ZENGEZUR STRATEJİK BİR HAMLE
Rusya ile İran’ın bölgedeki yakınlaşması ve Zengezur Koridoru konusundaki itirazları göz önüne alındığında, Azerbaycan’ın jeopolitik hamlelerini nasıl değerlendiriyorsunuz?

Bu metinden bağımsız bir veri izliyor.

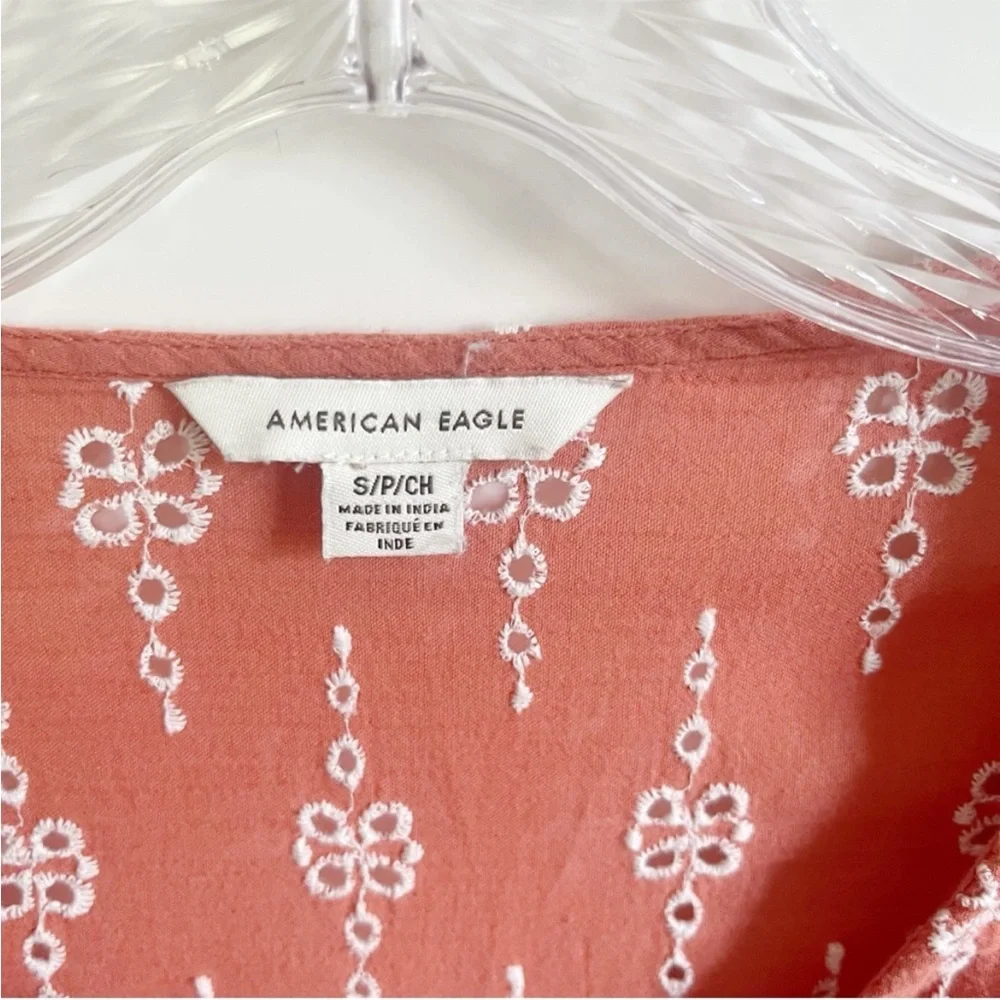 American Eagle blouse dusty red embroidered boho peasant oversized crochet - Picture 8 of 9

Zengezur Koridoru sadece bir ulaşım hattı değil; Avrasya’nın jeopolitik akışını değiştirecek bir eksendir. Zengezur Koridoru projesi, jeopolitik düzlemde hem sembolik hem stratejik bir adımdır. Azerbaycan bu koridorla sadece Nahçıvan’a kara bağlantısı sağlamıyor; aynı zamanda Türk dünyasını kesintisiz bağlayan bir omurgayı hayata geçirmiş oluyor. Bu durum, Rusya ve İran için potansiyel bir “NATO genişlemesi” veya Batı etkisinin Asya içlerine kadar ulaşması anlamına geliyor.
BATI İLE TÜRK DÜNYASINI BİRLEŞTİREN “JEOPOLİTİK KÖPRÜ”

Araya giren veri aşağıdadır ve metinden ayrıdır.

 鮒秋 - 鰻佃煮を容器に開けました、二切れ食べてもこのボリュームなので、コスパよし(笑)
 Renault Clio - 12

Yani İran ve Rusya bu hattı, Türkiye’nin ve dolaylı olarak NATO’nun Orta Asya’ya açılan bir kapısı olarak görüyor. Dolayısıyla Azerbaycan’ın burada oynadığı rol, Batı ile Türk dünyasını birleştiren bir “jeopolitik köprü” görevi üstleniyor. Moskova ve Tahran’ın tepkisi, bu köprünün yalnızca ekonomik değil stratejik bir tehdit olarak algılanmasından kaynaklanıyor. İran, kuzey sınırlarında Türk etkisinin artmasından ve enerji yollarının kendi toprakları dışında şekillenmesinden rahatsız. Rusya ise Çin ile olan “Orta Koridor” rekabetinde Türk-Azerbaycan iş birliğini kendisi için stratejik tehdit olarak görüyor. Bu yüzden Zengezur Koridoru sadece bir altyapı projesi değil; jeopolitik satrançta Azerbaycan’ın yaptığı kuvvetli bir hamledir.

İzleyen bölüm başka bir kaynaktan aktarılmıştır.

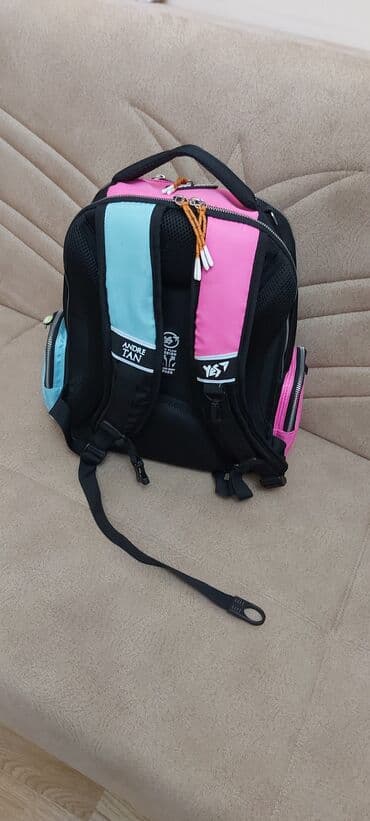 məktəb partası: Mektebli canta — 2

AZERBAYCAN HALKI RUSYA’YA GÜVENMİYOR!
Azerbaycan kamuoyu bu gerilimi nasıl karşılıyor? Toplumda Rusya’ya karşı bir güvensizlik veya tepki dalgası yükseliyor mu?
Elbette. Son yıllarda Azerbaycan toplumunda Rusya’ya yönelik tarihsel temkin, artık daha açık bir güvensizliğe dönüşmüş durumda. Sputnik’in yayın politikası, Rus yetkililerin çifte standartlı açıklamaları ve son olarak yaşanan gözaltı krizleri, halkta ciddi bir rahatsızlık yarattı. Toplum, artık kendi kimliğini ve ulusal çıkarlarını daha bilinçli savunuyor. Genç nesil özellikle Rusya’ya değil, Türkiye’ye ve Batı’ya daha yakın duruyor. Azerbaycan kamuoyunda Rusya’ya karşı duyulan kuşku zaten tarihsel olarak güçlüydü. Ancak artık bu kuşku yerini daha örgütlü ve bilinçli bir jeopolitik farkındalığa bırakıyor. Özellikle genç nüfus, bilgiye daha açık ve Batı ile entegre bir Azerbaycan hayalini destekliyor. Bu süreçte Sputnik Azerbaycan ofisine yönelik tepkiler ve sosyal medyada yayılan protestolar, halkın artık daha aktif ve bağımsız bir Azerbaycan görmek istediğini gösteriyor. Ayrıca toplumun Karabağ’daki zafer sonrasında kazandığı özgüven, dış baskılara karşı “dik durma” refleksini de güçlendirmiş durumda. Rusya’ya karşı hem psikolojik hem siyasal anlamda bir mesafe oluştuğunu açıkça söyleyebiliriz.
TÜRKİYE KİLİT AKTÖR
Son olarak, sizce bu gerilim sıcak çatışmaya veya daha büyük bir diplomatik krize evrilir mi? Türkiye bu süreçte nasıl bir denge politikası izlemeli?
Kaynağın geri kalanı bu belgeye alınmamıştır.